El profesor Plinio Correa de Oliveira, en su obra «Trasbordo Ideológico Inadvertido y Diálogo», describió magníficamente el efecto perverso de determinadas palabras, a las que denominó «palabras talismán». Estas son palabras biensonantes y atractivas, pero que no tienen límites ni contenidos precisos, que utiliza repetitivamente la Revolución para acabar consiguiendo la renuncia a las convicciones de quien «inadvertidamente» se deja seducir por ellas.
Los ejemplos típicos que ofrecía el doctor Plinio fueron las palabras «diálogo», «coexistencia», «reconciliación», etc. Sin embargo el elenco es largo, y en constante ampliación.
Pues bien, los católicos españoles, como los de otras muchas naciones católicas, sucumbieron al embrujo de las palabras-talismán, en concreto, entre otras, a las palabras «aconfesionalidad» y «laicidad». Supuestamente lo que buscaban estos términos no era más que convertir el «espacio público» en religiosamente neutral, de manera tal que los católicos podrían seguir desarrollando su vida espiritual y religiosa en el ámbito particular y doméstico. Para «encantar» a los católicos la Revolución les prometió un reverdecer de la Iglesia al volver al primitivismo de antes de Constantino, cuando el Cristianismo no era religión oficial y por tanto no ocupaba el espacio público. Con tal engaño los católicos cayeron en la trampa sin percibir que la sola neutralidad del espacio público ya era un pecado grave contra la Fe, pues como admirablemente expresó León XIII en Immortale Dei o Pio XI en Quas primas, el deber de rendir culto a Dios no es solo del individuo, sino también de la sociedad, y ello por ser Dios creador y sostenedor tanto del individuo como de la sociedad.
El caso es que parece que los católicos van descubriendo la realidad gracias al estado de cosas al que nos ha traído la introducción de tales términos en nuestra legislación. Y es que a día de hoy ya va pareciendo evidente que toda sociedad tiene que ser «confesionalmente algo», y que si ese algo no es la confesión católica, ni ninguna otra religión, será confesionalmente laica. Pero no del laicismo de límites confuso de la palabra talismán, sino del laicismo con límites radicales que la utilización talismánica del vocablo ocultaba.

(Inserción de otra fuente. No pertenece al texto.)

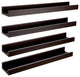 Kiera Grace Edge Floating Photo Frame Shelf Espresso, 23" by 4", Set of 4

Así ya nadie puede negar que el laicismo (abandonando su ropaje neutral) persigue a Cristo en la esfera pública (retirada de cruces y elementos religiosos en espacios públicos; cambio de nombre de calles con referencias cristianas; investigación –para su posterior apropiación- de los bienes de la Iglesia; retirada de emisiones de contenido religioso en televisiones públicas, etc.). Y aún más allá de la esfera pública ha invadido la esfera familiar e individual. Así, por ejemplo, a través de los planes educativos ha introducido en las aulas la malhadada ideología de género, que pretende suprimir la antropología no solo cristiana, sino incluso la natural, aquella a la que se llega con el solo uso de la razón, sin necesidad de la luz de la Revelación.
Y esta persecución del cristianismo en la esfera pública y privada la realiza por medio de la imposición, de la fuerza, del castigo y del abuso del poder. Y es que al laicismo no le queda otro camino que acudir a la fuerza, y no al combate leal y valiente, y ello en tanto en cuanto en un combate limpio no puede alcanzar la victoria (ni aún pasajera), pues sabe que no puede dar respuesta a todas las dimensiones de la realidad humana (en concreto a la dimensión trascendente del hombre). Por eso busca el silencio del contrincante, pues si confrontara directamente ambas opciones la laicista, por incompleta, sería derrotada.